Segment Open
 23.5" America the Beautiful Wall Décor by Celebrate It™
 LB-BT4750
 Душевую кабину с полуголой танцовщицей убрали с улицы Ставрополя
Segment Closed
# Task objective:
Return the listing word for word.

# Final answer:
 23.5" America the Beautiful Wall Décor by Celebrate It™
 LB-BT4750
 Душевую кабину с полуголой танцовщицей убрали с улицы Ставрополя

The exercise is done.